▶ **PROMPT**:
The listing below should be printed exactly, every line of it. Skip the pictures.

▶ **COLLECTED MATERIAL**:
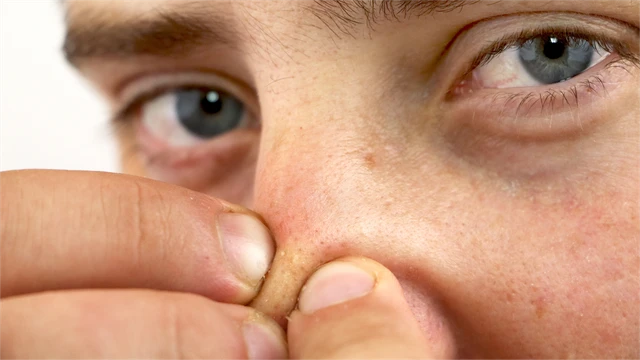 bai-viet/mot-cach-tri-mun-dau-den-tu-thien-nhien-tai-nha-ban-nen-biet.html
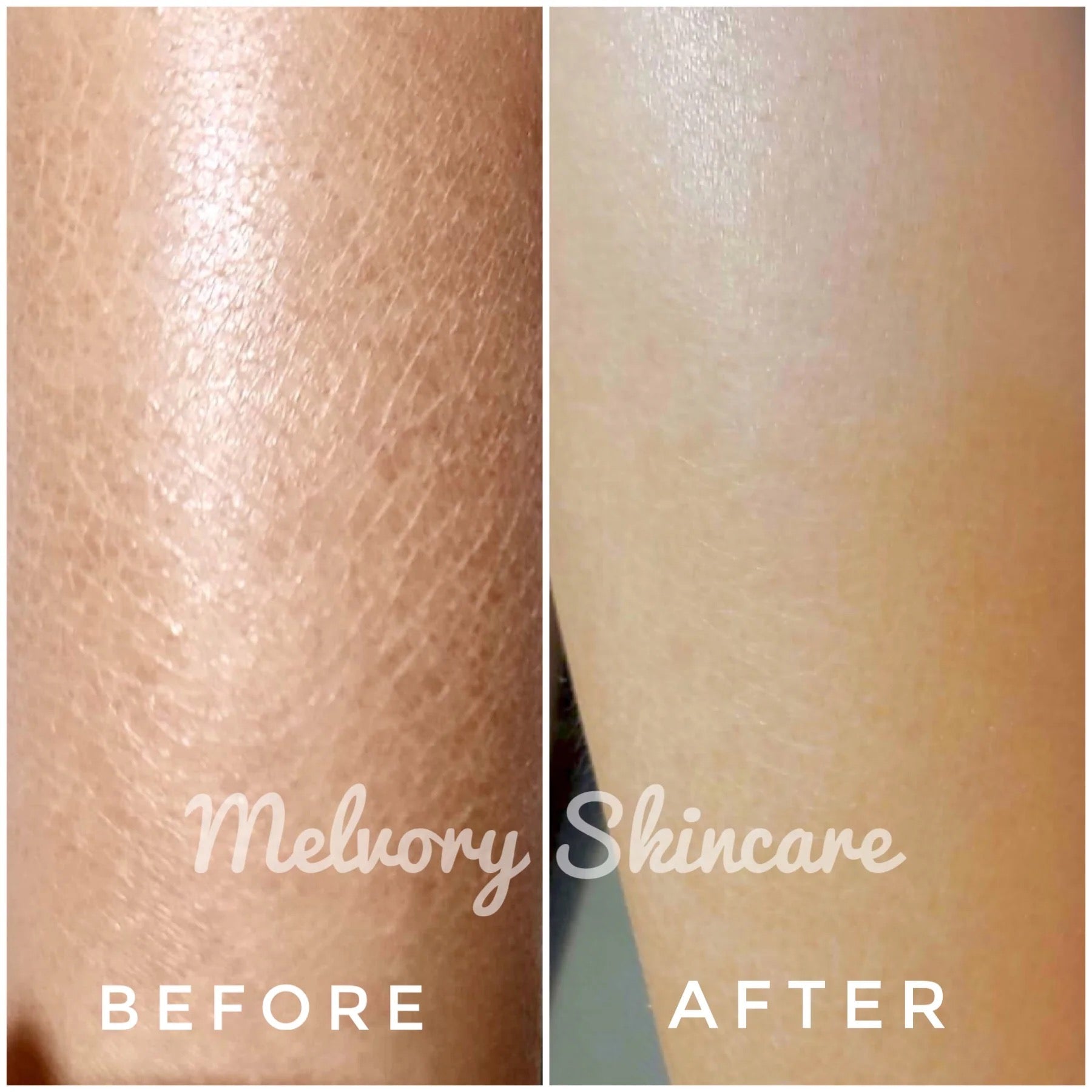 Before and after comparison of skin texture with Melvory Skincare branding.
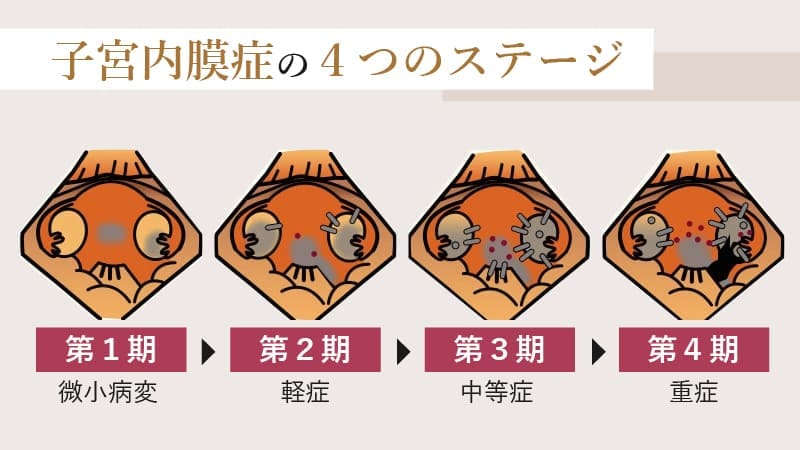 子宮内膜症の代表的な4つのステージについて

▶ **SOLUTION FOR THIS PROBLEM**:
 bai-viet/mot-cach-tri-mun-dau-den-tu-thien-nhien-tai-nha-ban-nen-biet.html
 Before and after comparison of skin texture with Melvory Skincare branding.
 子宮内膜症の代表的な4つのステージについて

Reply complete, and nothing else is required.